Am Vorabend, dem 31. Oktober, wird in den Vereinigten Staaten und vielen Ländern Europas Volksbrauchtum zu Halloween begangen. Das Wort Halloween leitet sich aus der englischen Bezeichnung All Hallows Eve, dem Vorabend von Allerheiligen, ab. In der heutigen, aus Nordamerika zurückgekommenen Form hat es einen stark kommerzialisierten und säkularisierten Charakter angenommen.

Die dargestellte «Totenhilfe» wird als Dankbarkeitsleistung der Toten für die Lebenden gesehen. Eine zentrale Rolle spielt dabei der Glaube, dass die Gebete der Lebenden, besonders im Rahmen von rituellem Totengedenken und Totenkult, dazu beitragen, die Zeit der armen Seelen im Fegefeuer zu verkürzen. Diese erweisen sich in Legenden und der entsprechenden Ikonografie oft als «dankbare und helfende Tote».

Dankbare Tote sind keine Baarer Erfindung

An dieser Stelle ist es auch angezeigt, der Baarer Legende etwas Exklusivität abzusprechen. Die einschlägige Legende geht nämlich auf den Mönch Caesarius von Heisterbach zurück, der um 1200 im deutschen Königswinter lebte: Ein Ritter hatte es sich zur Gewohnheit gemacht, auf Friedhöfen für Verstorbene zu beten. Als er einmal von Feinden verfolgt wurde, flüchtete er sich auf einen Friedhof – wo bewaffnete Tote aus den Gräbern stiegen und ihm zu Hilfe eilten. Die Baarer mussten diese Version einfach noch ein bisschen ausschmücken.
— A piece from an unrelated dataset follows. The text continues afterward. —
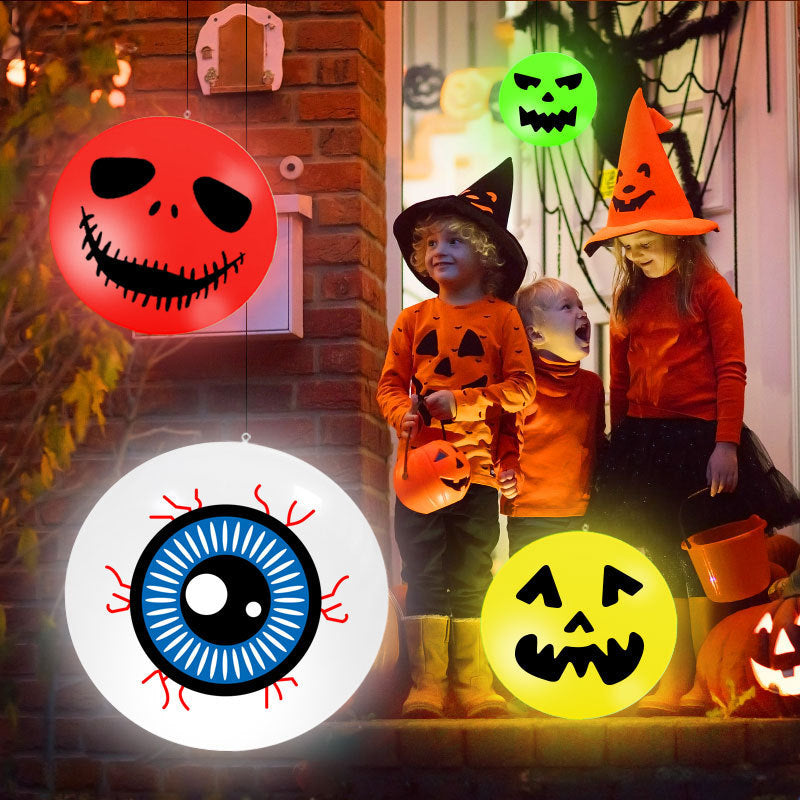 LED Halloween Light Luminous Ball Pumpkin Lamp Solar Charging Outdoor Waterproof Halloween Decorations Ornaments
In Märchen ist Totenhilfe übrigens ein eher selteneres Motiv. Wohl gibt es immer wieder wundersame Helfer, doch die sind selten ausdrücklich verstorbene Personen. Das bekannteste Beispiel ist wohl Aschenputtel, die am Grab ihrer Mutter das silberne Ballkleid erhält, mit dem sie den Prinzen bezaubert (bevor sie ihren Schuh verliert).